___ Given material ___

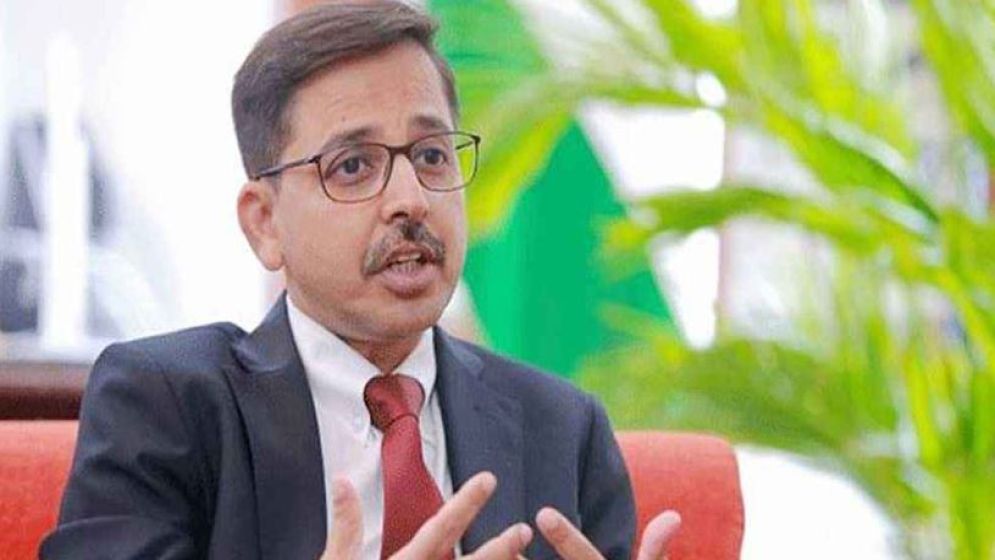 বাংলাদেশে ভারতীয় সব ভিসাকেন্দ্র কখন চালু হবে জানালেন প্রণয় ভার্মা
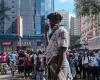 Kenia, protestas por el aumento de impuestos: el Parlamento incendiado y 10 muertos
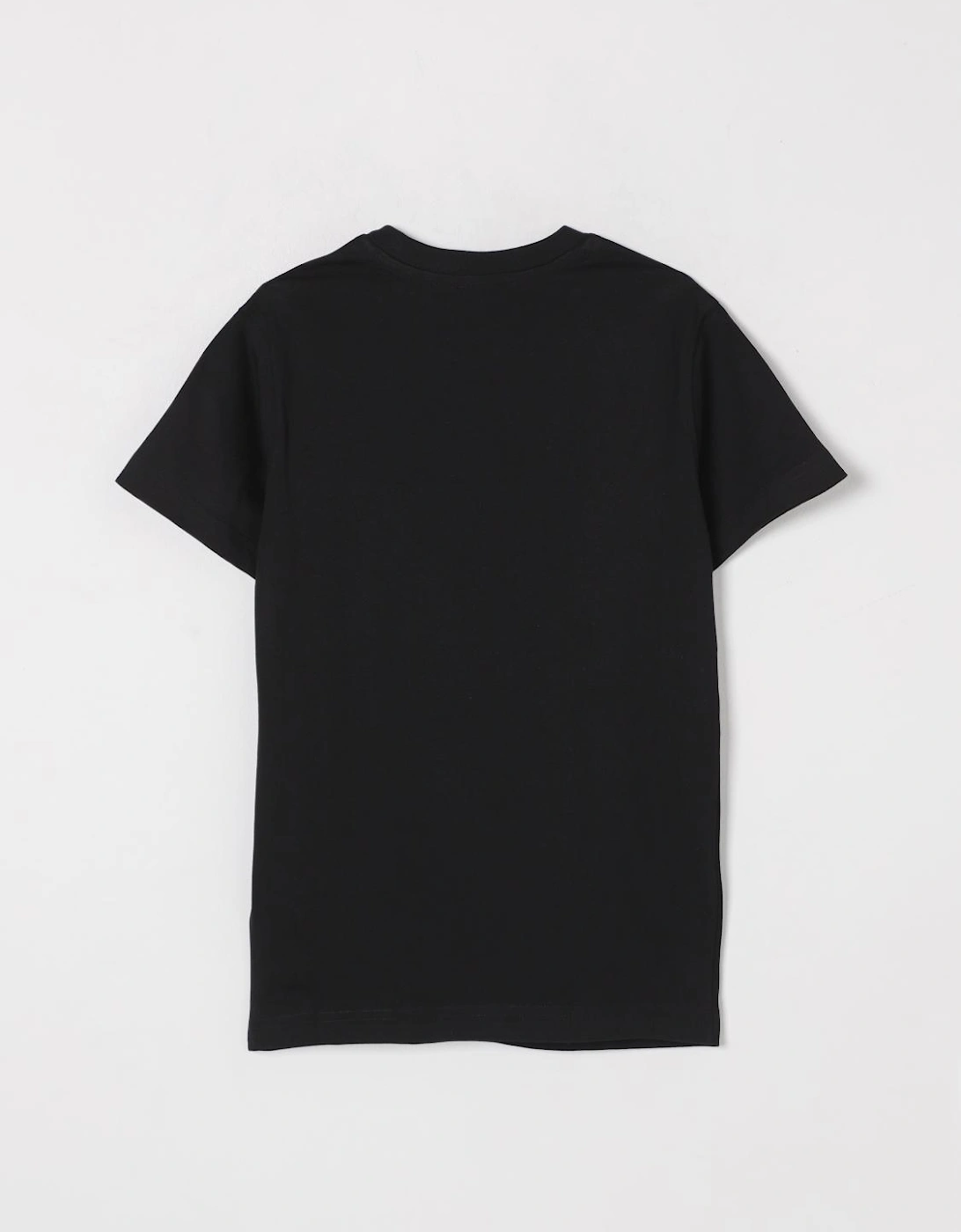 Short Sleeve Crew Neck TShirt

___

■ Instructions for the task
The line containing "Kenia, protestas por" and every line after it, up to the last line of the data, should be returned exactly, without the pictures.

■ Task response
 Kenia, protestas por el aumento de impuestos: el Parlamento incendiado y 10 muertos
 Short Sleeve Crew Neck TShirt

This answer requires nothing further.